Unable to train on AWS SageMaker

I am following the wpilib tutorial for machine learning. I’ve gotten to step 6 on the training instructions, but I keep getting the following error:

An error occurred (ValidationException) when calling the CreateTrainingJob operation: Access denied for repository: wpi-cpu in registry ID: 249838237784. Please check if your ECR repository and image exist and role arn:aws:iam::416515258441:role/service-role/AmazonSageMaker-ExecutionRole-20200126T110350 has proper pull permissions for SageMaker: ecr:BatchCheckLayerAvailability, ecr:BatchGetImage, ecr:GetDownloadUrlForLayer

I am using SageMaker in the us-west-1 region.

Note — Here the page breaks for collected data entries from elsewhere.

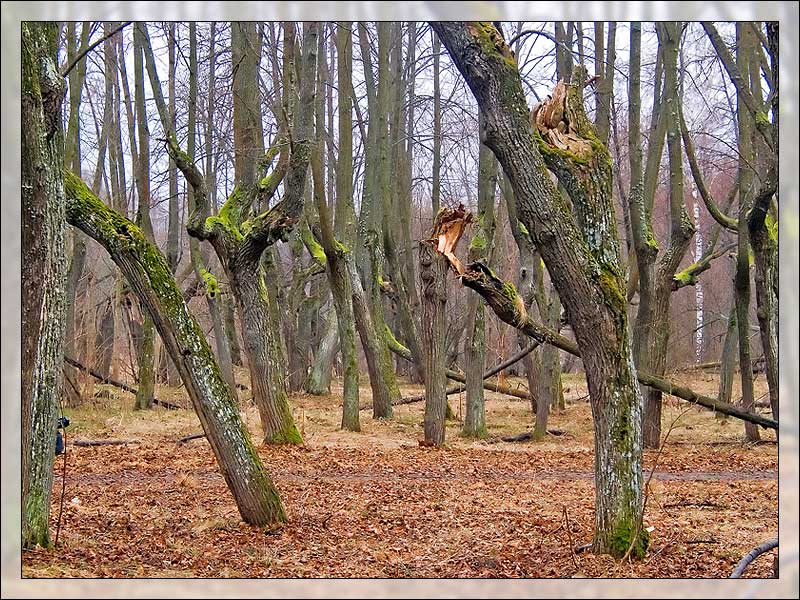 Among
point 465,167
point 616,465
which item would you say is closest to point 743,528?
point 616,465

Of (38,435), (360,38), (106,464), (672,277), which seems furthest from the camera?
(360,38)

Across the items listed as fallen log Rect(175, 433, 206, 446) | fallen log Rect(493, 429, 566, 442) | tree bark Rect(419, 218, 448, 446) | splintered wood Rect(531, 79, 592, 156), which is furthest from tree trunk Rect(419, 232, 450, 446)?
splintered wood Rect(531, 79, 592, 156)

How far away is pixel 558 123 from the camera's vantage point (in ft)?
18.8

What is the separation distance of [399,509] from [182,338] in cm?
266

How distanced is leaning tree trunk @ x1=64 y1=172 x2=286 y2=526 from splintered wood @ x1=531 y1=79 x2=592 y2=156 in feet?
10.0

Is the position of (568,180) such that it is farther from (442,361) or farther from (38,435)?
(442,361)

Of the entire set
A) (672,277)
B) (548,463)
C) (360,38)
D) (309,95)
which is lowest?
(548,463)

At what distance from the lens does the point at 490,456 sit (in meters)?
10.9

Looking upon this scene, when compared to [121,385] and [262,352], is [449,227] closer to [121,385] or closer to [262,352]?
[262,352]

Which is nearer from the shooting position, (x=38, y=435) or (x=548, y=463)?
(x=38, y=435)

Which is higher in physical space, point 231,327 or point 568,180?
point 568,180

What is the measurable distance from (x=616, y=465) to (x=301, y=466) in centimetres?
506

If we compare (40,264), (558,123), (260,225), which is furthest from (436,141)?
(40,264)

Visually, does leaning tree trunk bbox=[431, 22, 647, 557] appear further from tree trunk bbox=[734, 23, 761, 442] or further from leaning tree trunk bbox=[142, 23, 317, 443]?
tree trunk bbox=[734, 23, 761, 442] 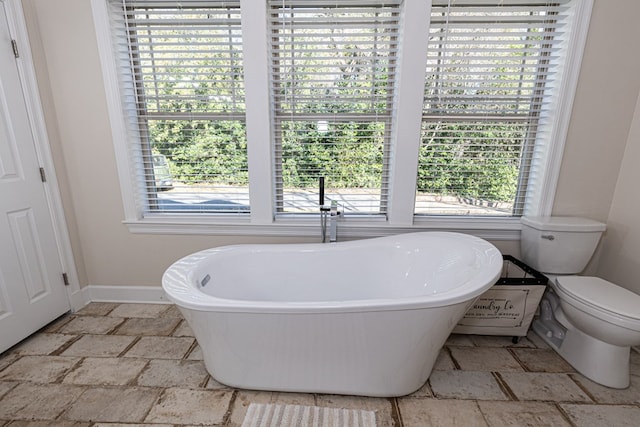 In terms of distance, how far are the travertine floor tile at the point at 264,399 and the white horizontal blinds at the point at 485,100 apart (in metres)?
1.39

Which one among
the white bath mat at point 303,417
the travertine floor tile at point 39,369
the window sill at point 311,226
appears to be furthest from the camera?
the window sill at point 311,226

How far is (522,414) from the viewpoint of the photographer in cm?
126

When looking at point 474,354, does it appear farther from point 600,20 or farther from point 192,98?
→ point 192,98

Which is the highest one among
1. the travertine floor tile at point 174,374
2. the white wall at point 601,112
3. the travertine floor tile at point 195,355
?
the white wall at point 601,112

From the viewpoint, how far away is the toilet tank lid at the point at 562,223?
164cm

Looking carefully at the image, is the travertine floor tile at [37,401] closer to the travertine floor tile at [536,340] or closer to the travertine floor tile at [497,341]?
the travertine floor tile at [497,341]

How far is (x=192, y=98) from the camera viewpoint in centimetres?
190

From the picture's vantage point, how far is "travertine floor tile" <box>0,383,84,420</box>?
4.11 ft

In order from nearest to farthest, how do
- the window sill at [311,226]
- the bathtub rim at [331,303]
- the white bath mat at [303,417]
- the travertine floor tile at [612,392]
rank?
the bathtub rim at [331,303] → the white bath mat at [303,417] → the travertine floor tile at [612,392] → the window sill at [311,226]

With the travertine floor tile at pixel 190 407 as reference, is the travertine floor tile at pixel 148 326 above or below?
below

We are aware that you will get an exception while trying to train your model with the Jupyter notebook. The WPILib team and Amazon are working hard on a solution and hope to have something in the next few days. Until we do, you will not be able to train your models. We will post the status here as it changes, so please check back often. We are very sorry that this issue occurred and hope to get it resolved as quickly as possible.

Per the frc-docs page

3 Likes

Is there any known ETA for when this will be fixed?

There is not a set date, yet. We will keep the community updated. Sorry for the inconvenience.

I managed to get past the original error by building the image myself. However, when I being to train, I get the following in the logs:

Downloading model.
Successfully created the TFRecords: /opt/ml/input/data/training/train.record.
Successfully created the TFRecords: /opt/ml/input/data/training/eval.record.
Records generated.
Hyperparameters parsed.
Traceback (most recent call last):
File “accuracy.py”, line 59, in
main()
File “accuracy.py”, line 30, in main
checkpoint_max = max(checkpoint_nbs)
ValueError: max() arg is an empty sequence
Beginning training on Docker image.
cp: cannot stat ‘./learn/models/output_tflite_graph.tflite’: No such file or directory
Converting checkpoint to tflite.
rm: cannot remove ‘/opt/ml/model/output_tflite_graph_edgetpu.log’: No such file or directory
mv: cannot stat ‘/opt/ml/model/output_tflite_graph_edgetpu.tflite’: No such file or directory
Compiling model for Edge TPU

And then the error I get from Python is:
UnexpectedStatusException: Error for Training job wpi-cpu-2020-01-27-00-30-28-712: Failed. Reason: AlgorithmError: Exit Code: 1

I’m not sure if this was the error that was expected or if it helps at all.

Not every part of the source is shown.